_Collected data_

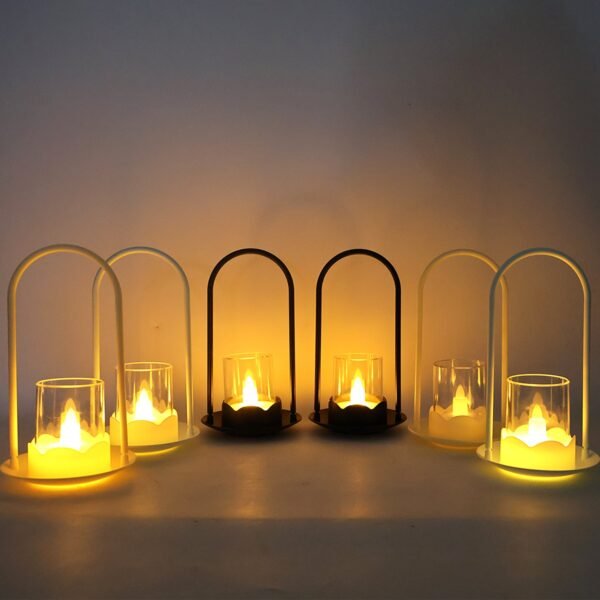 Wind-Light-04.jpg Decorative Wind Light Style Plastic Flameless LED Candles (6 Pc)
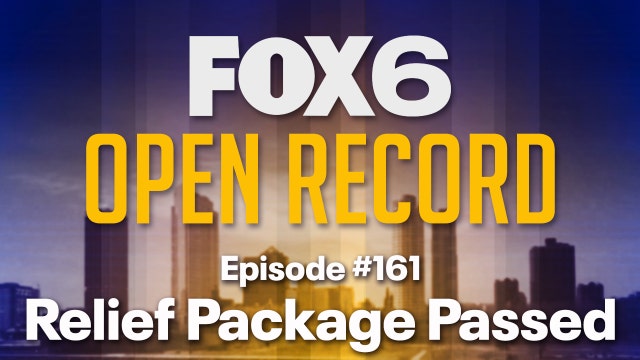 Open Record: Relief package passed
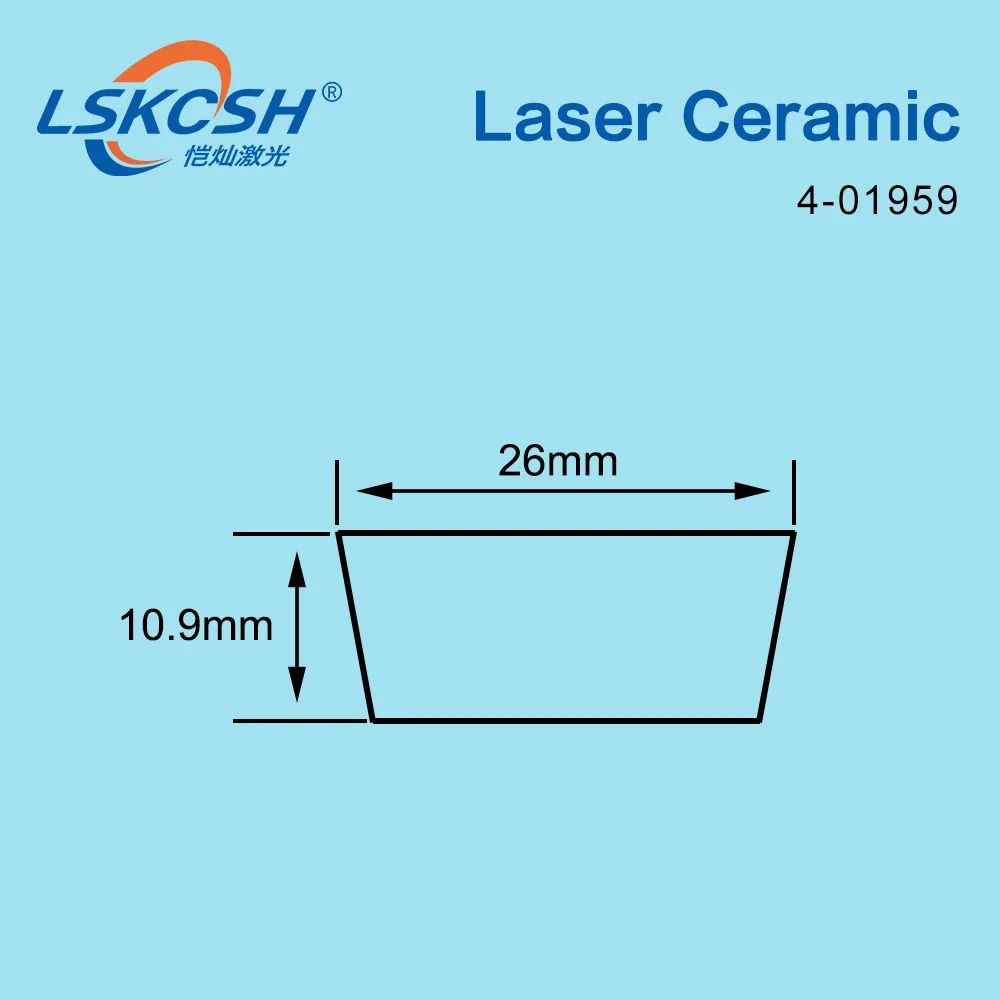 LSKCSH 50 шт./лот керамический конус для Bystronic лазера 4 01959 AL230 BY328 1959 оптовая продажа с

_Task goal_
Recreate the listing above word for word, dropping each picture it contains.

_Solution to this task_
 Wind-Light-04.jpg Decorative Wind Light Style Plastic Flameless LED Candles (6 Pc)
 Open Record: Relief package passed
 LSKCSH 50 шт./лот керамический конус для Bystronic лазера 4 01959 AL230 BY328 1959 оптовая продажа с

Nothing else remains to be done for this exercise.